High-performance polymers are used for many space and terrestrial applications, but are known to suffer significant surface erosion in space, in low Earth orbits (LEO), due to interaction with highly aggressive Fast Atomic Oxygen (FAO) and UV. These materials need to be protected when used in LEO. Among a variety of protection options, a technology of moderate energy, specially selected semi-metals ions implantation, up to pre-determined ion beam fluences, has been shown to be successful. Space durability enhancement by this ion beam implantation and follow-up oxidative conversion to stable protective surface compounds, formed in a graded manner, has been confirmed in both ground-based LEO simulation experiments, and during a long-term expose in LEO space flight experiment, called Materials on International Space Station Experiment (MISSE). The implanted polymers have been analyzed pre-and post-exposure using both SIMS depth profiling and high-resolution XPS. Changes in elemental composition and chemical structure of the top surface layer were studied by XPS, while SIMS depth profiling allowed the study of the sub-surface layer. The goal of these sophisticated surface analysis studies allowed to understand the details of the “conversion” processes in the top surface layers of the treated polymers under oxidative exposure.

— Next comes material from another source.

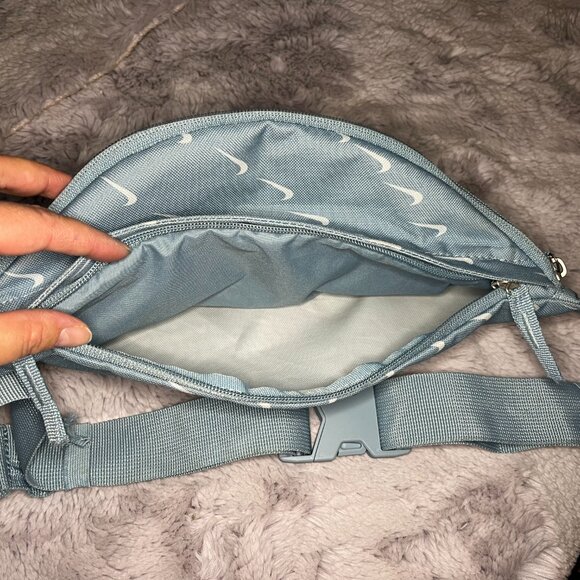 Nike Fanny Pack Belt Bag - Picture 3 of 5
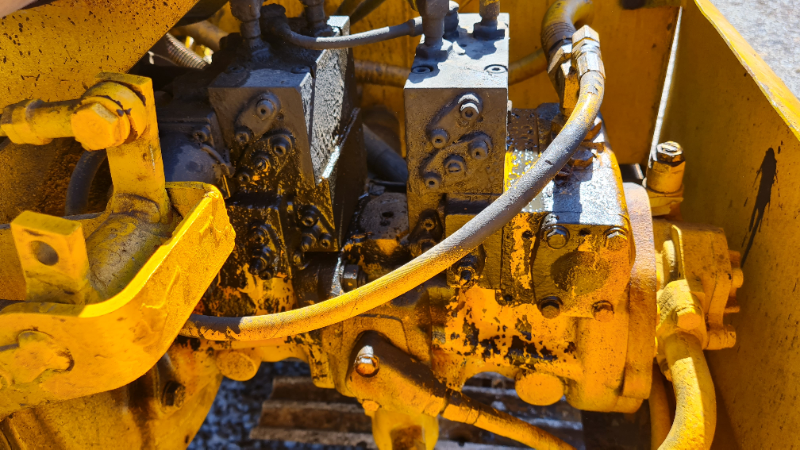 ขาย แบคโฮ KOMATSU PC100-3 เครื่องดี รถใช้งานได้ แถมปั้มไฮดรอริค และออยคูลเลอร์ ให้ด้วยนะครับ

Formation of fully stabilized atomic oxygen resistant oxides-like graded surface structures has been confirmed, that made clear the protection and space durability enhancement mechanism of implanted polymers.

Zelina Iskanderova, Integrity Testing Lab, Inc., Markham, Ontario, Canada
J. Kleiman*, Integrity Testing Lab, Inc., Markham, Ontario, Canada
R.N.S. Sodhi, Surface Interface Ontario, Dept. of Chemical Engineering and Applied Chemistry, University of Toronto, Canada

*presenting author